人口密度が高く、土地が限られるという意味では沖縄もスモールハウスの土俵ではあると思うけれど、あまりそのようにはなっていない。これは地域特性が影響しているのだろうと思う。
沖縄が東京圏と違う点で、スモールハウスの選択肢を弱めている理由が明確な分だけでもいくつかある。
まず、沖縄の場合は一般の住宅で、平屋建てや2階建てでも圧倒的に鉄筋コンクリート造が多いのだけれど、これは台風が強烈なため、木造が適さない場合が多かったり、水資源が限られていて昔は断水が頻繁だったため、屋上にタンクを設置したりといったことが多かったからだろうと思う。

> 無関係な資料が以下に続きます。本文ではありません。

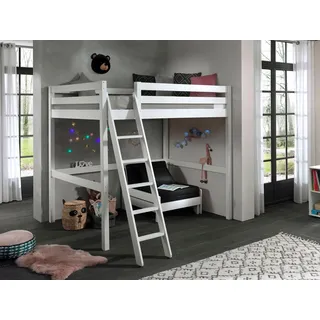 Vipack Hochbett Pino 215 x 209 cm Kiefer massiv weiß lackiert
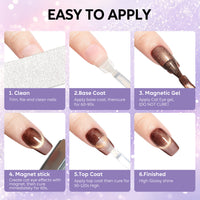 Nicedeco Fine Magnetic Cat Eye Gel Nail Polish Set, 6 Colors 5ML Holographic UV LED Glitter Blue Purple Red Taupe Soak off Nail Polish with Magnet Nail Art DIY Salon For Women Kit 6-72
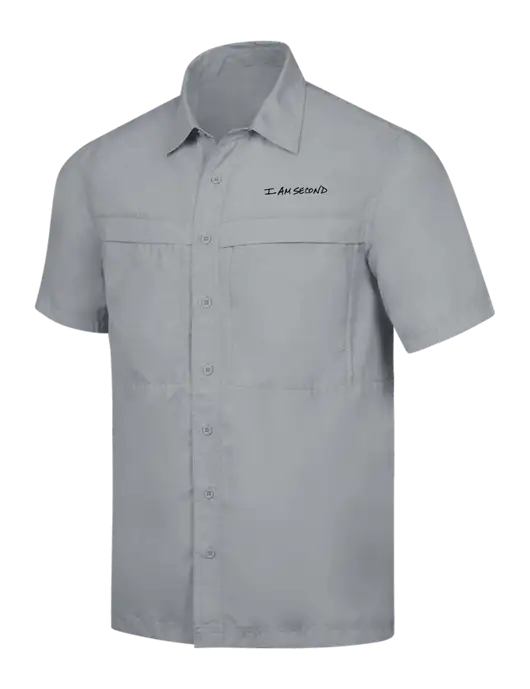Light Grey Short Sleeve UV Daybreak Shirt w/I Am Second Logo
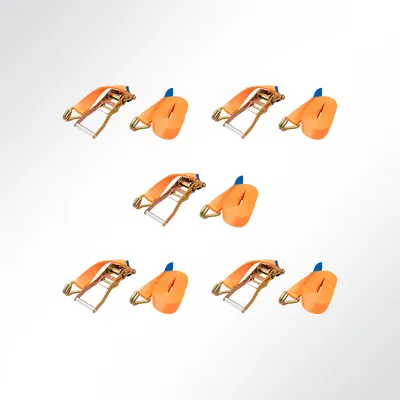 Produktbild von 5x Ratschen Zurrgurt Spanngurt mit Klauenhaken 8,50m 50mm orange 5000kg EN12195-2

小さい住宅でRC造をすれば面積当たり費用としてはさらに高くなってくる。少なくとも、パッケージ化されたマイクロハウスを設置するにしても基礎打ち等をしっかりしないと飛んでしまう可能性があるので、どうしてもコストは余計にかかってしまう。
また、沖縄では鉄道がなく、自家用車が必須ということが多い。狭い土地があったとしても駐車場の確保も必要で、鉄道の発達した都市圏ほどの地理的自由を得られない。
しかし逆に沖縄が適している面もある。
亜熱帯気候由来の、外食文化の発達や、浴槽が不要の文化などだ。
もともと東南アジアなどの熱帯気候では凍え死ぬことがないため、外で生活する文化が強く、自宅で料理をするより外で食べる習慣が圧倒的で、沖縄もある程度はそのような面がある。
浴槽が不要であればその分のスペースは少なくとも省略することも可能となる。
恐らく、沖縄には沖縄に適したスモールハウスの姿があり得るということだろう。例えば台風対策の部分では、頑丈に作ることばかりではなく空力特性を活かした設計で対応するといった、全く違った形が適しているのかも知れない。
家のダウンサイジングに合わせて、車もミニカーやトライクにするのもいいと思う。沖縄の道路は、車の流れは比較的ゆっくりで、ミニカーやトライクでも他の地域ほど怖くないはずだ。